COAST OF DREAMS — A HISTORY OF CONTEMPORARY CALIFORNIA (1990-2003)

By Kevin Starr. 754 pages. Published by Allen Lane/ Penguin

Ian Whitcomb is a highly respected performer, composer, and music historian. You can find all of his CD's, DVD's, Books, and Songbooks by clicking here,
or by going to
ianwhitcomb.com

 

       Full disclosure: I’m pally with Dr Kevin Starr. He invites me to swell dinners at plush businessmen’s clubs in downtown Los Angeles where, to the accompaniment of my ukulele, I lead movers and shakers in singalongs. When he was California’s State Librarian he made me State Minstrel which entailed my travelling around with wife and dog in a minivan, stopping off to perform, with Ukie, at rural libraries. This was a plum job, this would never have happened in England, my ancestral home.

I’ve lived in Los Angeles as a “resident alien” since the 1960s, arriving as a British Pop Invader and staying on for the work, the acceptance, the chance to grab the brass ring once more before I die. For the elusive Dream that some of us chase till we fall over the edge.

Dr Starr has published six California Dream histories since the early 1970s. I have them all and the further back they reach the more gemutlich I feel until I’m at peace in a painted world of red-shirted gold miners neath purple hills or else easygoing dons in sombreros swilling wine. Lured by a myth propagated by local real estate boosters, people flocked in from everywhere to make the painting come to life. But Eden had only room for so many and by the 1930s things weren’t as rosy as they were supposed to be. Hence, “Endangered Dreams”, and, for the 1940s, “Embattled Dreams”. Suddenly, just as the 50s, 60s, 70s, 80s, loomed out of the mist for examination, our author downed tools. I don’t blame him: just mouthing Altamont or Watts Riots, let alone Hell’s Angels and Disco could lead a man to the restroom. Such diarrhetics are best left to the disciples of Hunter Thompson et al.

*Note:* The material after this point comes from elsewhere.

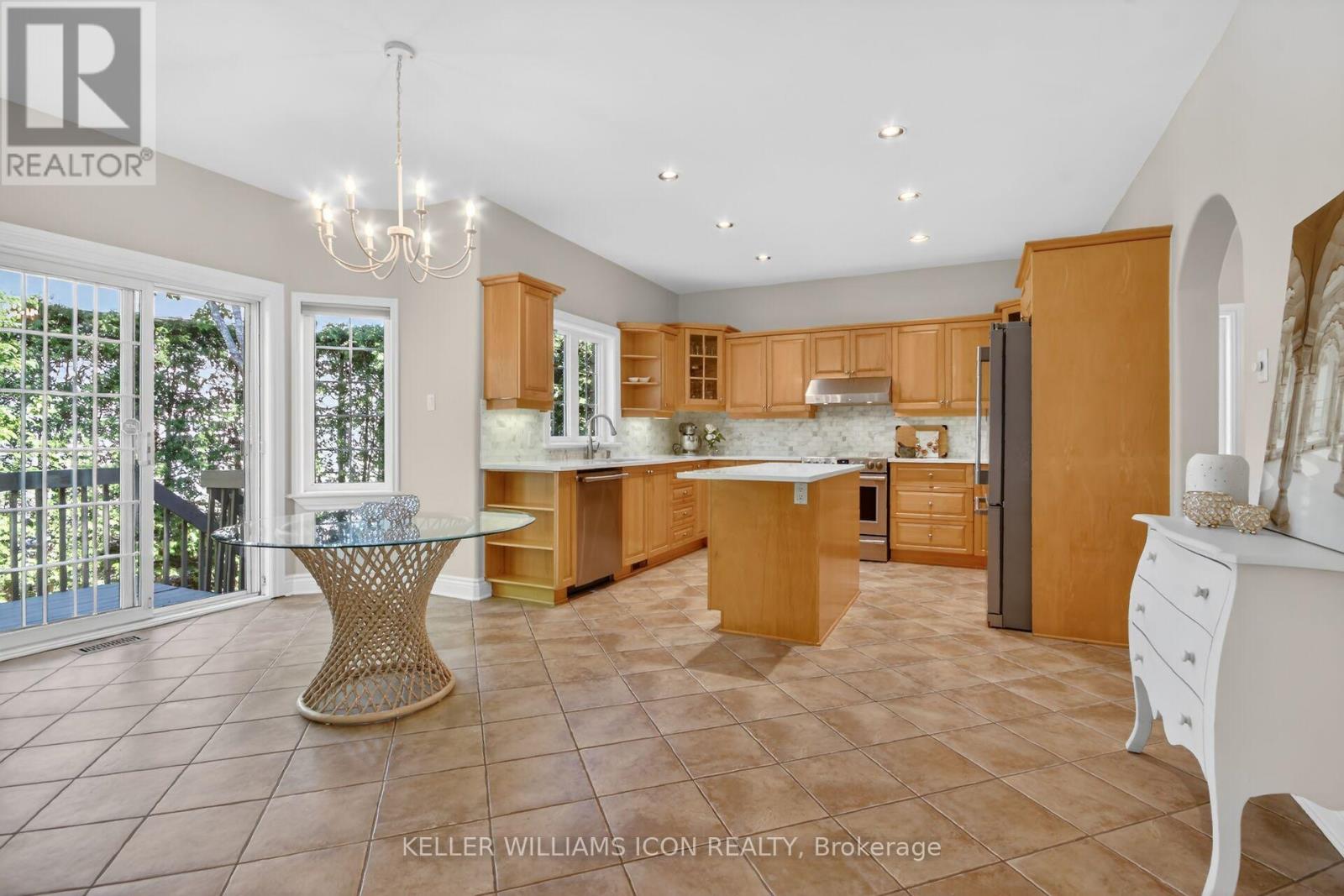 136 Shaughnessy Crescent, Ottawa, Ontario  K2K 2N3 - Photo 15 - X13412744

Startlingly and bravely, Dr Starr has dared to take up his pickaxe and deal with California’s recent past, the 1990s and even up as far as yesterday -- a hellhound on our tail, dripping blood, shouting rap, roaming malls, all to the tune of a cellular phone. The result is a brick of a book as effulgent and razoring as the constant damned California sun — 631 text pages followed by a hundred pages detailing the sources. It’s a Pandora’s box of catastrophe made by Man and God, so that Utopia is always being usurped by Dystopia. The author is calmer than me -- the L.A homeowner reading daily of murder and corruption, fires and floods -- the author has a sunny disposish and doles out hope as he leads us through his “snapshots and sketches” culled largely from newspapers, history in a hurry. Thus there’s little time for verdicts, for bird’s-eye views.” I was actively on the lookout for signs that it was … going right”.

The American edition has a cover photo of placid surfers, specks at peace on a flat pacific ocean. But Penguin has chosen the P.C Old World apocalyptic view: a topless woman sunbathing on a metal lounger in a concrete backyard, oblivious to her backdrop sky washed with raging fires. You have been warned: you are in for a catalogue of woe, tempered by the author’s dampening towels at the end of each chapter. I was inclined to wipe my face, wail and return to Wimbledon Common. But then I looked out the window and saw peace under the palms, even if a bourgeois peace of joggers, dog-walkers and baseball caps, all cheerfully en route to Starbucks. Isn’t this what the world has been waiting for? And didn’t we enjoy it all first, before you guys?  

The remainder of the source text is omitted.